The emergence of an increasingly independent and assertive Latin America insisting on a change of direction on Cuba and drugs reflects an important shift in the terms of the relationship between the United States and the rest of the hemisphere. Although the U.S. economy still dwarfs the rest of the hemisphere combined, the region has made important gains.

While estimates put the shrinking U.S. middle class as low as 42 percent, five Latin American countries — Brazil, Mexico, Argentina, Uruguay and Costa Rica — can boast a middle class above 50 percent. Powerhouse Brazil recently surpassed the United Kingdom as the world's sixth-largest economy, becoming a major investor in the United States as well as a foreign aid donor to Africa.

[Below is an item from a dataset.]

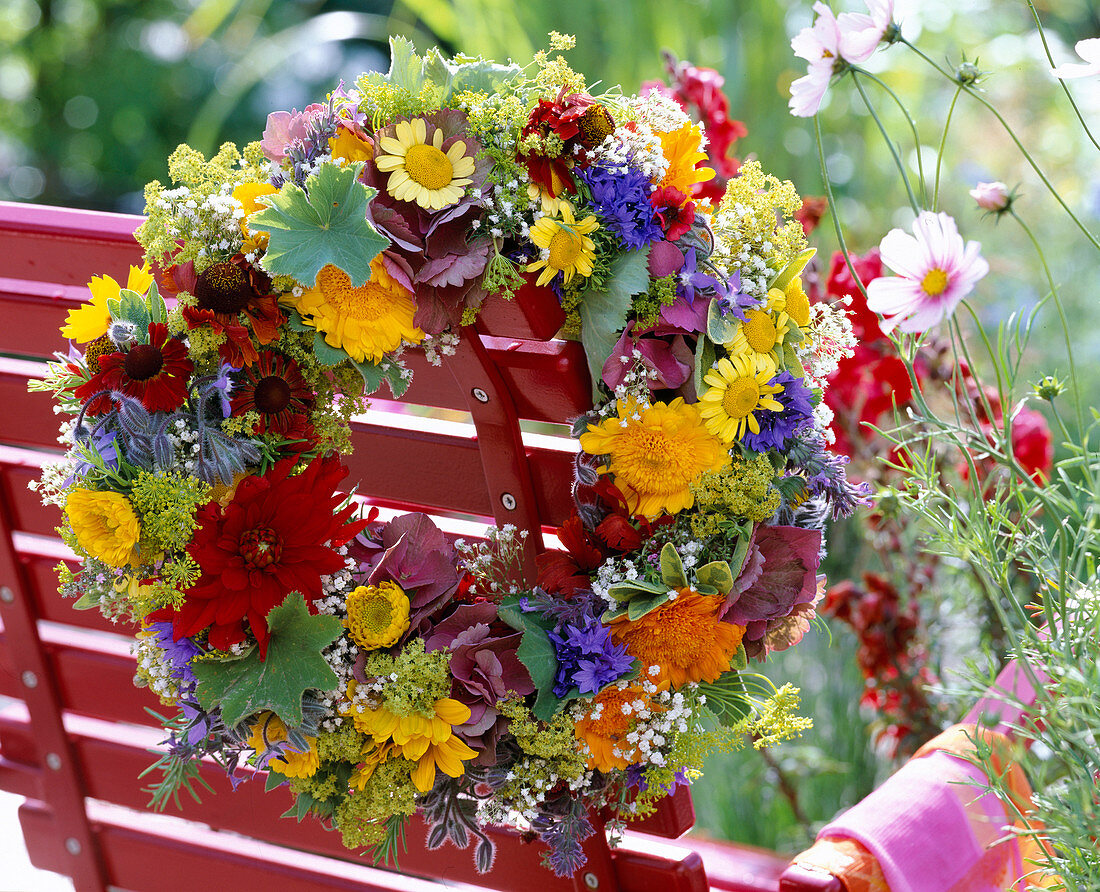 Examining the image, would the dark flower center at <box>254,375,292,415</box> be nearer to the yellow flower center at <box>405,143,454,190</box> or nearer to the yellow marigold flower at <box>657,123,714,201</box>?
the yellow flower center at <box>405,143,454,190</box>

Over the last three years, no issue has demonstrated the shifting terms of the relationship better than the debate on drug policy. Clamor for "democratization" of the debate and a search for new alternatives stems from the perception that Latin American societies pay a disproportionate price in lost lives, hijacked justice systems, abuses in overcrowded prisons, and displaced small farmers, because of the U.S.-led strategy that has prioritized stemming the supply of drugs over reducing its own demand.

Two recent studies led by former world leaders — the Global Commission on Drugs and the Latin American Commission on Drugs and Democracy — have called for a new approach focusing on drugs as a public health issue rather than a criminal problem. The newly elected Guatemalan president pushed the issue onto the Summit agenda when he startled the United States with his call to consider new approaches, including decriminalization of consumption and regulation of supply, in a desperate attempt to stem the unchecked violence of drug-related organized crime in his own country.

Although the Obama administration has commendably embraced a public-health approach in the United States, it has yet to address the devastating consequences of the prohibitionist strategy on Latin American societies.

A recent policy dialogue of political and social leaders from the United States and the Andean countries, which include the primary cocaine-producing countries of Colombia, Peru and Bolivia, sponsored by International IDEA and the Carter Center, debated issues dividing the countries, including drug policy.

On drug policy, this group of influential citizens from six countries recommended that their governments:

  • Lead open, public debate on alternative drug policies, including both governments and non-governmental groups to evaluate progress and identify new strategies. No issue should be considered taboo a priori.
  • Reduce illicit crops by redirecting resources toward integral rural development, through policies adjusted to each local situation.
  • Develop strong education and health policies to prevent the consumption of drugs while improving provision of treatment to problematic users.
  • Seek alternatives to incarceration for nonviolent offenders and consumers, thereby reducing the severe overcrowding in violence-ridden prisons and backlogged judicial systems.
  • Strengthen mechanisms that protect democratic institutions from illicit political financing through drug trafficking. Some Latin American countries - such as Mexico and Brazil - have taken important steps to limit the impact of illicit money on politics by bolstering their public campaign finance system, particularly through free air time for campaigning.

The Colombian president did an admirable job of putting the drug debate on the table at the summit, but follow-through is crucial. With the shortcomings of current drug policy and their dire consequences so evident, civil society organizations and citizen forums throughout the hemisphere must continue to urge their governments to identify effective alternatives.

Kristen Sample is head of the Andean Region, based in Lima, Peru, for International IDEA. Jennifer McCoy is director of the Carter Center's Americas Program in Atlanta.